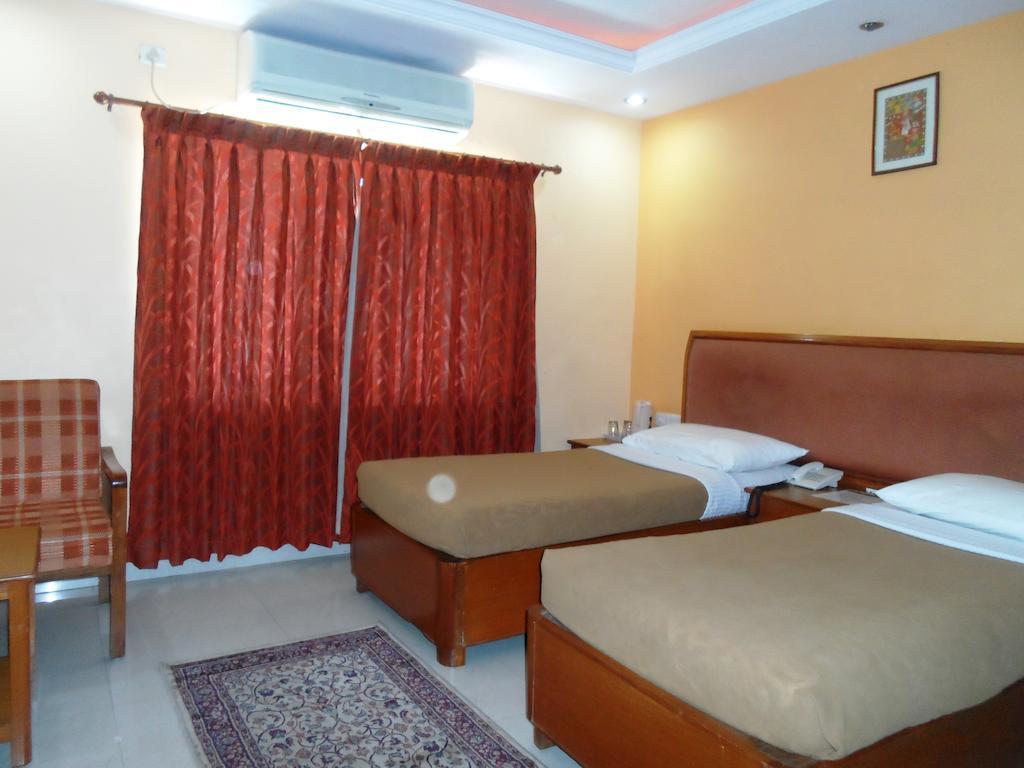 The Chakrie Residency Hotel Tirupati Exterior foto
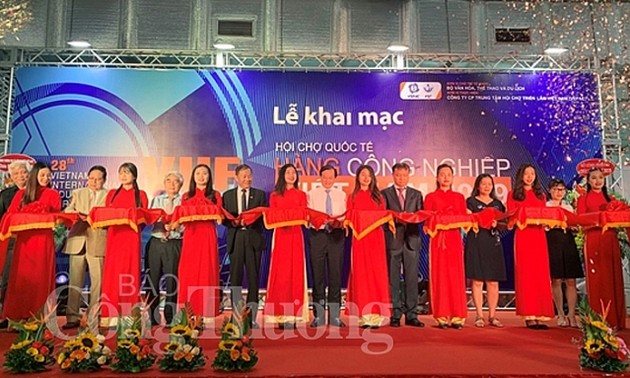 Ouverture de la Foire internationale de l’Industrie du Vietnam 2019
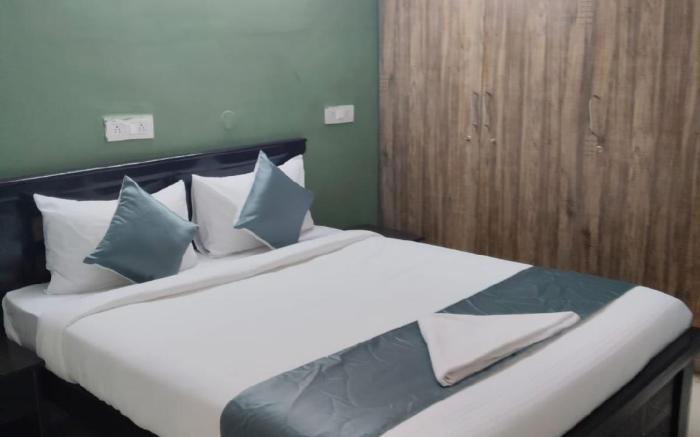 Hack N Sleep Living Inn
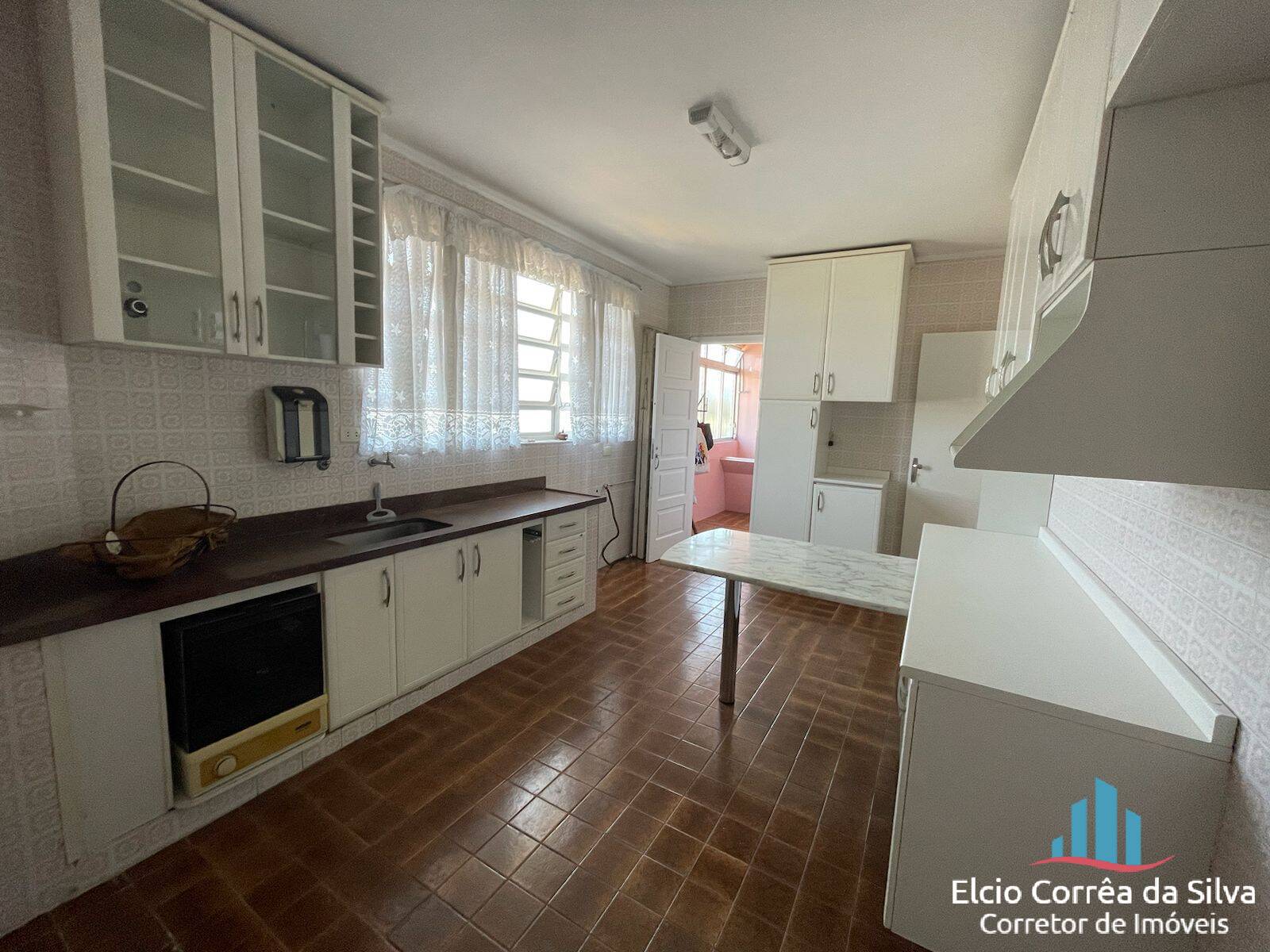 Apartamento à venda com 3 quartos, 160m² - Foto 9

Try it: What you return should be the exact lines from the one containing "Ouverture de la" through the end of the listing above, both included, minus any pictures.

Written answer:
 Ouverture de la Foire internationale de l’Industrie du Vietnam 2019
 Hack N Sleep Living Inn
 Apartamento à venda com 3 quartos, 160m² - Foto 9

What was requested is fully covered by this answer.